=== Required action ===
Starting at the first line of the data, print each line verbatim up to and including the line bearing "Character is approximately", omitting pictures.
——————
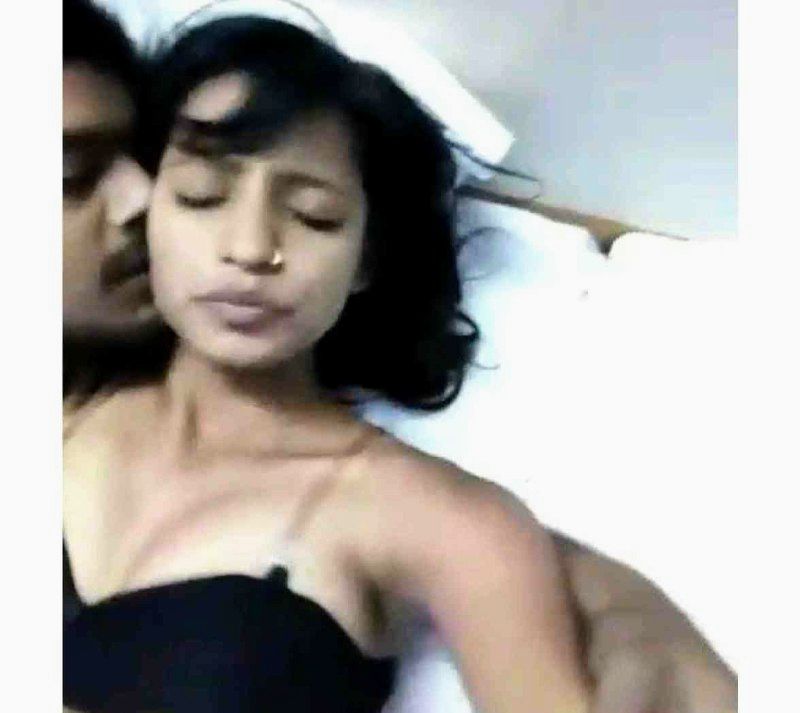 Desi indian girlfriend shaking his dick and enjoying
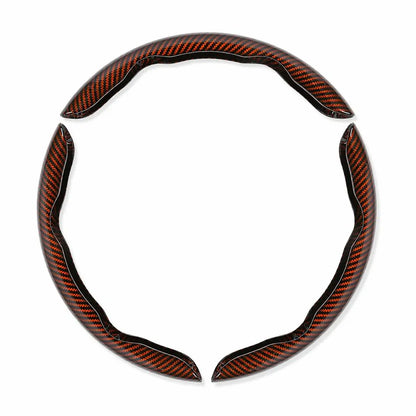 🤍 Non-Slip Half-Wrap Steering Wheel Covers | Quick Clip-On Grip Set, White, 2-Piece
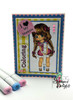 A6 photo polymer stamp set. 
Contains 9 stamps
4 x 6"/A6 set
Character is approximately 5"
You Can Sell You Hand made Creations!
 ANGEL POLICY ONLY
---------------------------------
© 2009 Stampers Delights - Designs by Janice Cullen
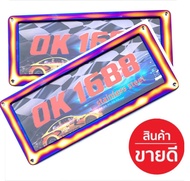 Sales are very goodcar boxกรอบป้ายทะเบียนไทเท V.7 สแตนเลสแท้ (2 ชิ้น:หน้า-หลัง) กรอบป้ายไทเท กรอบป้า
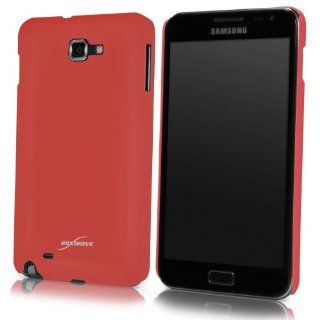 BoxWave AT&T Samsung Galaxy Note (Samsung SGH i717) Minimus Case   Ultra Slim Fit, Low Profile, Premium Quality Snap Shell Cover   Samsung Galaxy Note Cases and Covers (Crimson Red) Cell Phones & Accessories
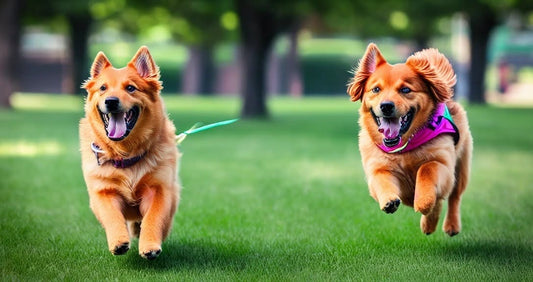 Dogs Running (Stock Photo)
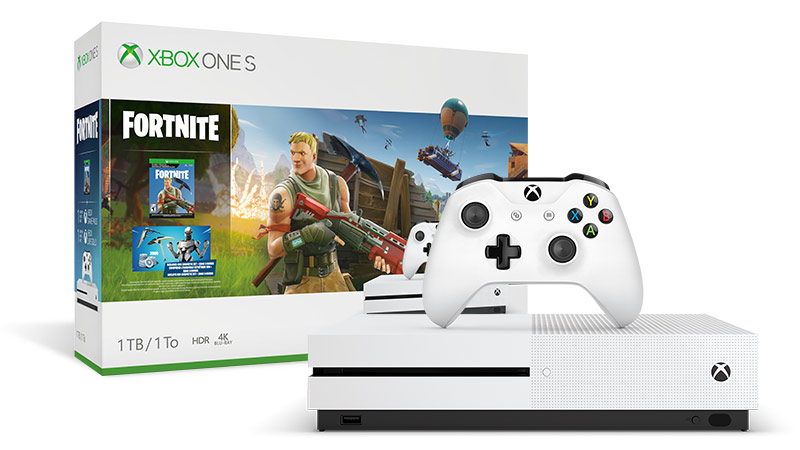 Fortnite Pou!   r Xbox One Xbox - image du pack xbox one s et sa manette fortnite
——————
=== Response area ===
 Desi indian girlfriend shaking his dick and enjoying
 🤍 Non-Slip Half-Wrap Steering Wheel Covers | Quick Clip-On Grip Set, White, 2-Piece
 A6 photo polymer stamp set. 
Contains 9 stamps
4 x 6"/A6 set
Character is approximately 5"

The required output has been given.